Kedua, ia akan mengantarkan suatu komunitas menuju perkembangan yang sehat. Zakat dapat mencegah segala pengaruh yang bersifat penghalang dan mendorong orang untuk ikut membantu mencapai kemajuan dalam bidang ekonomi. Dengan menjadikan zakat sebagai suatu kewajiban bagi setiap Muslim yang kaya agar menzakati harta kekayaannya, barang-barang komersial dan lain-lain, maka zakat sebenarnya sekaligus menjadi suatu rangsangan yang sangat kuat pada orang-orang untuk menginvestasikan modal mereka agar dapat berkembang dan dengan demikian akan meningkat seluruh kekayaan masyarakat.
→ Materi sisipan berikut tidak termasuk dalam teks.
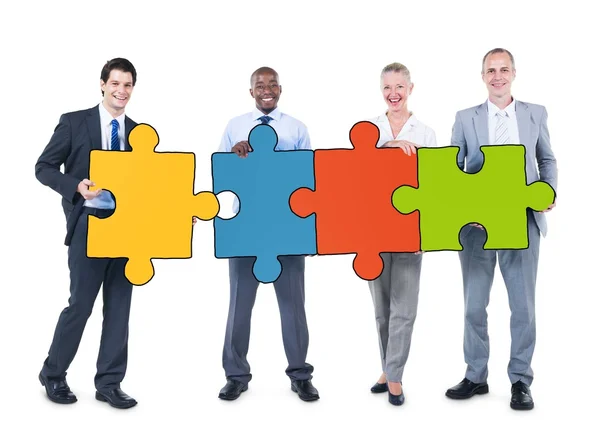 Business People Holding Puzzle Pieces — Stock Photo, Image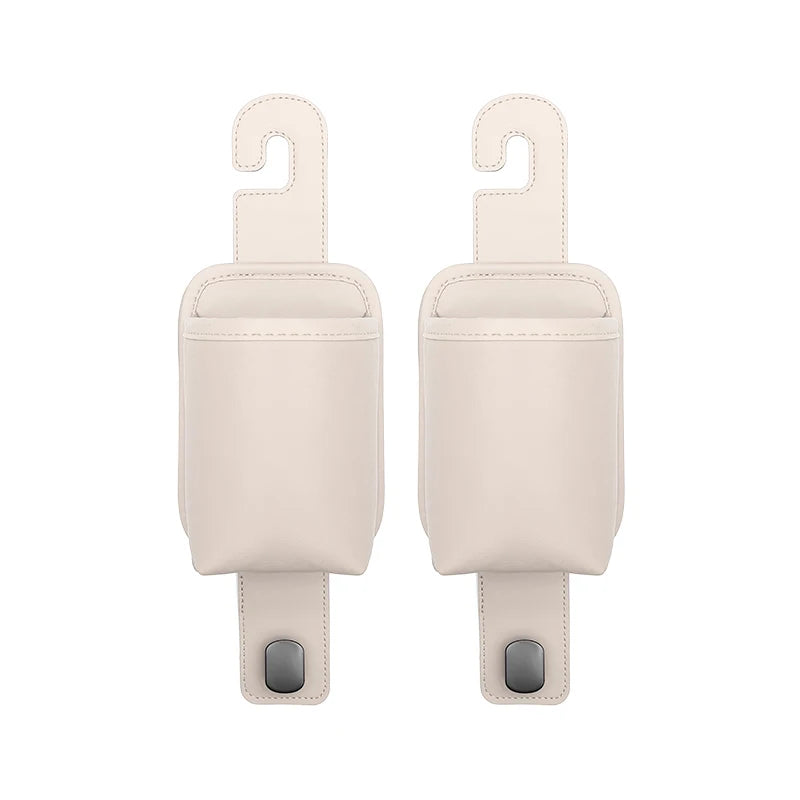 A pair of beige universal car seat back organizer and headrest hangers.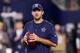ARLINGTON, TX - SEPTEMBER 25: Injured Tony Romo #9 of the Dallas Cowboys throws prior to a game against the Chicago Bears at AT&T Stadium on September 25, 2016 in Arlington, Texas. (Photo by Tom Pennington/Getty Images)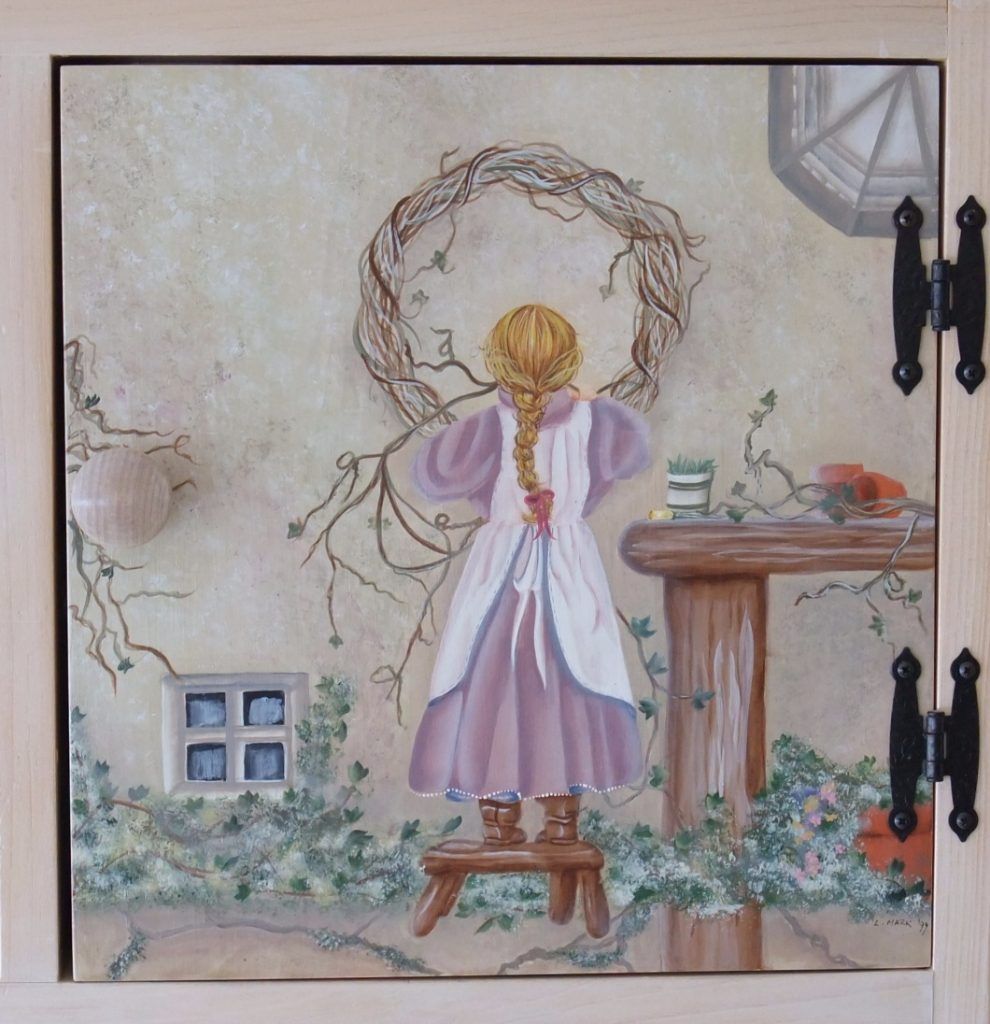 Folk art cabinet door hand-painted with a girl on a stool reaching for a twig wreath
Kedua tujuan ini, pensucian jiwa dan pertumbuhan ekonomi, tercakup dalam kata zakat.

 

Selanjutnya, apabila perkataan zakat mengacu pada pensucian, maka ia mengandung dua pengertian, pertama, kata tersebut mengacu pada harta yang dinafkahkan untuk mendapatkan atau mencapai kesucian dan keutamaan jiwa. Kedua, ia menunjuk pada tindakan aktual pensucian. Orang yang membayar zakat sesungguhnya melaksanakan tindakan pensucian. Dalam arti ini, tindakan pensucian tidaklah terbatas hanya pada pembayaran zakat materi, tetapi juga mencakup pensucian jiwa, pensucian karakter, pensucian kehidupan, pensucian harta kekayaan dan sesungguhnya pensucian seluruh aspek kehidupan manusia.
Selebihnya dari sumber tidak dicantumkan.